# TASK DETAILS:
In the listing below, find the line holding "Ladies Elegant Slim" and the line holding "He's done it!". Write out those two lines and all lines between, exactly, and nothing more.

# TASK MATERIAL:
******

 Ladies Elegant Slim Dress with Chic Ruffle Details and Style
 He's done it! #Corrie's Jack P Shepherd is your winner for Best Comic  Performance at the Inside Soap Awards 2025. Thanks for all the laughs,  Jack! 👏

******

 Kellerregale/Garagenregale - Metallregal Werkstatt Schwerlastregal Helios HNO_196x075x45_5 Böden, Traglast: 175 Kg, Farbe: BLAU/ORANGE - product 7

******

# ANSWER SPACE:
 Ladies Elegant Slim Dress with Chic Ruffle Details and Style
 He's done it! #Corrie's Jack P Shepherd is your winner for Best Comic  Performance at the Inside Soap Awards 2025. Thanks for all the laughs,  Jack! 👏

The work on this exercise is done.